Shirin Gul Sufizada, 40, a mother of four, lost her husband in an explosion in Herat city two years ago. She worked in a government office in Herat city at the time but has been unemployed since last August.
"I am unemployed and heavily dependent upon assistance," said Sufizada, who received aid at a WFP office in Herat city on July 24.
"I don't know how I would have survived along with my four kids if it weren't for this assistance," she said. "I receive the assistance on time, and it saves me from hunger."
"Before I received aid, my children would sleep on an empty stomach and cry most nights," she said. "We had nothing to eat, and our neighbours also could not help as they did in the past."
Mohammad Tahir Osmani, 53, a daily labourer, has been a recipient of WFP's aid for a year and receives food assistance every two months.

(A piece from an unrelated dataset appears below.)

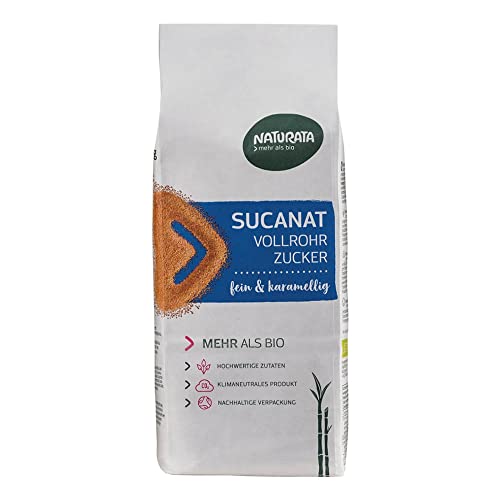 Naturata Bio Sucanat Vollrohrzucker (1 x 800 gr) von Naturata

He is the breadwinner of a family of seven and this assistance is enough to feed his family, he said.
"I go to the designated area for daily labour, but there is no work," he said. "I haven't worked even for a week in the past year. I would have not been able to sustain myself without this assistance."
"We want international assistance to continue," Osmani said. "There is no work in Afghanistan, and the economy is worsening by the day. Most people would lose their lives without the UN's assistance packages."
Seema Gul, 40, whose husband is also a daily labourer, is the mother of five, two of whom are paralysed.
Her husband goes to the city every day to find work but returns empty-handed, she said.
She has received food aid five times over the past year and the aid has saved their lives, she said.
"We would not cook even once a week before starting to receive this assistance," she said. "Many nights, I would feed my children bread and tea, and some nights they would sleep hungry."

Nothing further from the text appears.